● Instructions for the task
Given the entries that follow, write out exactly the lines starting at the one containing "Varisan 2 Soie Media Prune C3 1 paio" and ending at the one containing "Kaartspel Valse Motten", both ends included, and only those.

● Data section
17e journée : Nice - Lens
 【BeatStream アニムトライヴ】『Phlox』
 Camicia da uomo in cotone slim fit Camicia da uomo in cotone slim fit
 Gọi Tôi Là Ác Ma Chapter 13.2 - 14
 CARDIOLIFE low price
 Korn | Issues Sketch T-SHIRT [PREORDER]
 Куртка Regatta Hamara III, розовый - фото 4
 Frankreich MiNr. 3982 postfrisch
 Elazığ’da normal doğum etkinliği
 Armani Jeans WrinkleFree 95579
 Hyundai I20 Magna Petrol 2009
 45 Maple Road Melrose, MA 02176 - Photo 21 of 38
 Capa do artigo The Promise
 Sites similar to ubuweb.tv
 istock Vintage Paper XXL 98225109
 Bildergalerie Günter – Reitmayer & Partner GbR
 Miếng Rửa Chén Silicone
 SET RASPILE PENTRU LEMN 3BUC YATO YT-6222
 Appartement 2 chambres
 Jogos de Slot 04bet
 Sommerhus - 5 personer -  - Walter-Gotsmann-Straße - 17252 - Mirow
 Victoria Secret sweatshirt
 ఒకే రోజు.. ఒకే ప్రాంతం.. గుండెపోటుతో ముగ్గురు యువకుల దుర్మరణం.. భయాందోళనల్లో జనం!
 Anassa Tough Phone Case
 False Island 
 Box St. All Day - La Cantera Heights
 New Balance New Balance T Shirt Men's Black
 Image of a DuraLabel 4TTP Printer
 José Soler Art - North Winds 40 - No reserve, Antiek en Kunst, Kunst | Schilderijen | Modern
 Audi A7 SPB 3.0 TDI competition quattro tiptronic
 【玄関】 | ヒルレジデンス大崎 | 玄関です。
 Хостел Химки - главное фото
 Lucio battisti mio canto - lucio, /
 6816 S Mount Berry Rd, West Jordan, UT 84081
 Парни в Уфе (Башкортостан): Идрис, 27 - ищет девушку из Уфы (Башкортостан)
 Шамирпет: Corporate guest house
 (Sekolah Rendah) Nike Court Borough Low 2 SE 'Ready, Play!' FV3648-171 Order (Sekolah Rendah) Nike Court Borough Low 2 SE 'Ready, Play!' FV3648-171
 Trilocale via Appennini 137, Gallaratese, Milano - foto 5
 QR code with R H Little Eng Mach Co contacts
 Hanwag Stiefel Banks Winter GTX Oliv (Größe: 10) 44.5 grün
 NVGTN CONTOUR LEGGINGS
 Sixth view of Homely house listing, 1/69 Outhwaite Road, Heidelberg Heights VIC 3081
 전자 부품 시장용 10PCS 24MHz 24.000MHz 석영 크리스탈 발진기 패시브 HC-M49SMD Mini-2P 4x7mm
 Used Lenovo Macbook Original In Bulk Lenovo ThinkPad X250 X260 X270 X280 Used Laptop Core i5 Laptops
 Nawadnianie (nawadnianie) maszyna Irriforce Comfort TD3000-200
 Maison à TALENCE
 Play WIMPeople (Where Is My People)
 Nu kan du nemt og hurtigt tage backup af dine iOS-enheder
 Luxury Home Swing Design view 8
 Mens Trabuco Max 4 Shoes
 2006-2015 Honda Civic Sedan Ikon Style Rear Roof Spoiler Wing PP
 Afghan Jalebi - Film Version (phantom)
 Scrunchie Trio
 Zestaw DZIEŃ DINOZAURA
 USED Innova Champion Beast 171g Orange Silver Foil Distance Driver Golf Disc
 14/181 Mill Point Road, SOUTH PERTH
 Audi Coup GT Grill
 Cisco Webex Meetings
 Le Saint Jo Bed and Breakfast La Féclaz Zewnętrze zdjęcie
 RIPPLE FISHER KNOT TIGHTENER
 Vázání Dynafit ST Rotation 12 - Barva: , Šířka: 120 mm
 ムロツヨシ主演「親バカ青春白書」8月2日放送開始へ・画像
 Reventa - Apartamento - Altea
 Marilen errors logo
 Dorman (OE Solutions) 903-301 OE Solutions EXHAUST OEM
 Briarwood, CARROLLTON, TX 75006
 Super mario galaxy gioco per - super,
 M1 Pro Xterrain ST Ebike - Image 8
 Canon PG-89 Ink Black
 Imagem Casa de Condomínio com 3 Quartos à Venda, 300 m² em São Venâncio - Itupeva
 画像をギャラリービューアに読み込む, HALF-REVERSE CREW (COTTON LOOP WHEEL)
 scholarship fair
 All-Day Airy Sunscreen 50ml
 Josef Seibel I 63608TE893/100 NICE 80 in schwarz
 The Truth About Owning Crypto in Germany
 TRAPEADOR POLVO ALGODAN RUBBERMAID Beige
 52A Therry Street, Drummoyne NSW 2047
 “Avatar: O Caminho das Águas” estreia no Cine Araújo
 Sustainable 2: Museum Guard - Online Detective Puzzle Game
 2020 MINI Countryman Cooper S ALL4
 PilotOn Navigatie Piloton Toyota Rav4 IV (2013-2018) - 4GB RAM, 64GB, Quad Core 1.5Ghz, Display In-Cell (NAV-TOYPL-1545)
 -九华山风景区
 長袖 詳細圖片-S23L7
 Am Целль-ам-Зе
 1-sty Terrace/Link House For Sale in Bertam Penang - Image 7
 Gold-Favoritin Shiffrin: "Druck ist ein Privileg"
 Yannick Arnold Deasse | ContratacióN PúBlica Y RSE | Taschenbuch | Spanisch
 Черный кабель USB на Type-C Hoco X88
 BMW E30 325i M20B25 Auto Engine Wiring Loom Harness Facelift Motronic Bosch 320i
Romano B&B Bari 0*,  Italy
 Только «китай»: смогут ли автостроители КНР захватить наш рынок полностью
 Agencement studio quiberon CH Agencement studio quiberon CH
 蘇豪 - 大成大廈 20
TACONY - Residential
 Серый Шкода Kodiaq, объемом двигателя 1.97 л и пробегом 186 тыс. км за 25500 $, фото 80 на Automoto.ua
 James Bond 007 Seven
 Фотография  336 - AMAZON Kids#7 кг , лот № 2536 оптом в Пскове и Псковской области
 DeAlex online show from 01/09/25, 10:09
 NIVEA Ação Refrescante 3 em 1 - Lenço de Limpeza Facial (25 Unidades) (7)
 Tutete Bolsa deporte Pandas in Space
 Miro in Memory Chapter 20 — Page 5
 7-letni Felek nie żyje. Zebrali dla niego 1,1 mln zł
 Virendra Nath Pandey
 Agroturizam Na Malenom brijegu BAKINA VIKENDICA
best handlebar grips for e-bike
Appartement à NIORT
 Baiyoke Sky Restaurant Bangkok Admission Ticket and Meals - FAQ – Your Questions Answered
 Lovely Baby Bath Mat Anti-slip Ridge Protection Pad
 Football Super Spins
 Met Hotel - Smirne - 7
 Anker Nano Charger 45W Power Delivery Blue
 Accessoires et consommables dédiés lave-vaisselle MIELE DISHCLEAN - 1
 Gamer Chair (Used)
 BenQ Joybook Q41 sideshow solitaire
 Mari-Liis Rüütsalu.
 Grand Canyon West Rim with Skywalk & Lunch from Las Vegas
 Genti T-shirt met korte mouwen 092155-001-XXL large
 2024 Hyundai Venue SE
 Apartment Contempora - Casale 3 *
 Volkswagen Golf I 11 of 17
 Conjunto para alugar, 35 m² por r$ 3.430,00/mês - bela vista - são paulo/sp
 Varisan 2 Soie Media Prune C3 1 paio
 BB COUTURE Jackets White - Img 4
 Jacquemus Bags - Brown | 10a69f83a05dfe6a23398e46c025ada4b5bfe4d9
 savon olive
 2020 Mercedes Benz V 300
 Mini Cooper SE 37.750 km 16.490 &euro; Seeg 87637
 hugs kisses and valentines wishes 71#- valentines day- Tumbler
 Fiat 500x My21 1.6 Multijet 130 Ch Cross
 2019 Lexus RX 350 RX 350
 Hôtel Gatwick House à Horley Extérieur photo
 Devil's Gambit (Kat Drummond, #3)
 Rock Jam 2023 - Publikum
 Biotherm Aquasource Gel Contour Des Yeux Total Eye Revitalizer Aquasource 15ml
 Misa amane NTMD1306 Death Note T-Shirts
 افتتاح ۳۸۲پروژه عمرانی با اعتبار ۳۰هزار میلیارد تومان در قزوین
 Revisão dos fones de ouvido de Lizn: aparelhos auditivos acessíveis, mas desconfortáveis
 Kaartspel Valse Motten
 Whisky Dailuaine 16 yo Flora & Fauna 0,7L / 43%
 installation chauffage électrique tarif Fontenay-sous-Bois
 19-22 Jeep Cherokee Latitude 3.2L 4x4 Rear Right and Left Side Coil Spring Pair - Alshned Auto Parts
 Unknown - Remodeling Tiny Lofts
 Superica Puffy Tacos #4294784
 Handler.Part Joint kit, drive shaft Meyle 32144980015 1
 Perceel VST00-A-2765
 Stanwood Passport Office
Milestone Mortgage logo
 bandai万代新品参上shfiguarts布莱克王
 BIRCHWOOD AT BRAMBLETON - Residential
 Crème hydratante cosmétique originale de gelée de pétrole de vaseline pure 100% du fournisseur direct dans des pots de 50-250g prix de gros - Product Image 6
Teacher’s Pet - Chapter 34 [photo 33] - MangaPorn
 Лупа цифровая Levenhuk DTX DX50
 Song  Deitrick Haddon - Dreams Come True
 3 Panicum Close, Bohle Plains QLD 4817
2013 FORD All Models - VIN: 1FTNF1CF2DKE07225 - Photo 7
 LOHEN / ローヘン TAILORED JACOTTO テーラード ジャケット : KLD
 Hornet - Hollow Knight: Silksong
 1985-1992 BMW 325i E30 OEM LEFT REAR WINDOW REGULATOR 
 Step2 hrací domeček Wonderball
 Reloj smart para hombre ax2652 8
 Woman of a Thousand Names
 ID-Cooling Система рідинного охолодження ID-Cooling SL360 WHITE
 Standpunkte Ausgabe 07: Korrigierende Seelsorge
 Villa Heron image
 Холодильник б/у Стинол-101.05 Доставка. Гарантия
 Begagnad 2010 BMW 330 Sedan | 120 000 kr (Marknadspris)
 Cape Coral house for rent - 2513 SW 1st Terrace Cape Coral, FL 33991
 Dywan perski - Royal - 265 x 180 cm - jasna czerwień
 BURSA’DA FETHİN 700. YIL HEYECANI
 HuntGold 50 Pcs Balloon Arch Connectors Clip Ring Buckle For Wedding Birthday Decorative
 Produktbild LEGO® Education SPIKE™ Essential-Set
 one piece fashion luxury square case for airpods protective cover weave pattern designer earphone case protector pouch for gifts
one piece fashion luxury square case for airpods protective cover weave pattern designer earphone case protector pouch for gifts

● Your solution
 Varisan 2 Soie Media Prune C3 1 paio
 BB COUTURE Jackets White - Img 4
 Jacquemus Bags - Brown | 10a69f83a05dfe6a23398e46c025ada4b5bfe4d9
 savon olive
 2020 Mercedes Benz V 300
 Mini Cooper SE 37.750 km 16.490 &euro; Seeg 87637
 hugs kisses and valentines wishes 71#- valentines day- Tumbler
 Fiat 500x My21 1.6 Multijet 130 Ch Cross
 2019 Lexus RX 350 RX 350
 Hôtel Gatwick House à Horley Extérieur photo
 Devil's Gambit (Kat Drummond, #3)
 Rock Jam 2023 - Publikum
 Biotherm Aquasource Gel Contour Des Yeux Total Eye Revitalizer Aquasource 15ml
 Misa amane NTMD1306 Death Note T-Shirts
 افتتاح ۳۸۲پروژه عمرانی با اعتبار ۳۰هزار میلیارد تومان در قزوین
 Revisão dos fones de ouvido de Lizn: aparelhos auditivos acessíveis, mas desconfortáveis
 Kaartspel Valse Motten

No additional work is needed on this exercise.